Supplied material:
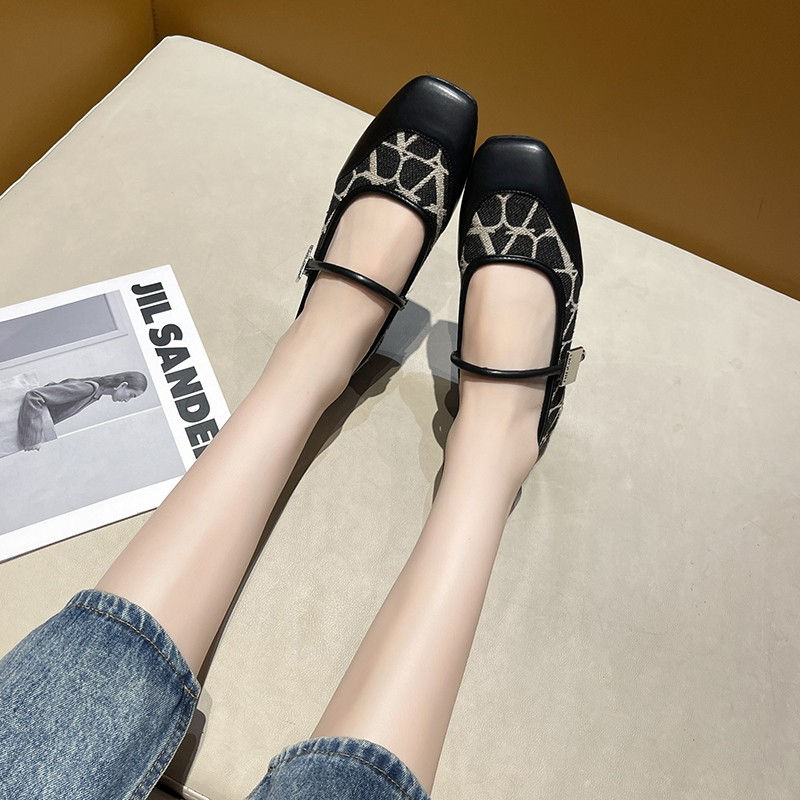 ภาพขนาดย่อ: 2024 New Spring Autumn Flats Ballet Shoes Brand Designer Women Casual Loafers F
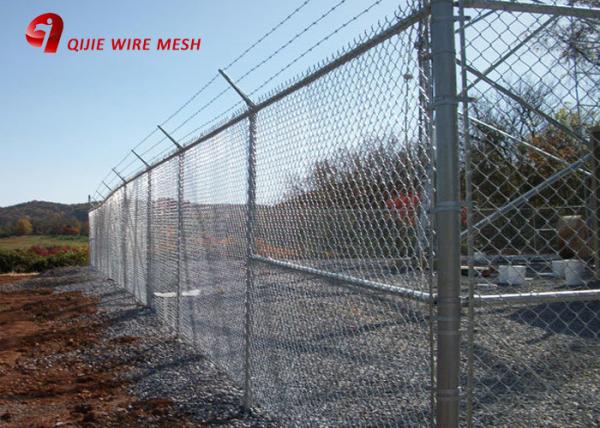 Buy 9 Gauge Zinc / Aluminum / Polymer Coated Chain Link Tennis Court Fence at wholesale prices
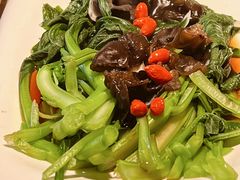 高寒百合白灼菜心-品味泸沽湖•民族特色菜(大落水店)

About this task:
The response consists of the data above printed line for line, with no pictures.

Task output:
 ภาพขนาดย่อ: 2024 New Spring Autumn Flats Ballet Shoes Brand Designer Women Casual Loafers F
 Buy 9 Gauge Zinc / Aluminum / Polymer Coated Chain Link Tennis Court Fence at wholesale prices
 高寒百合白灼菜心-品味泸沽湖•民族特色菜(大落水店)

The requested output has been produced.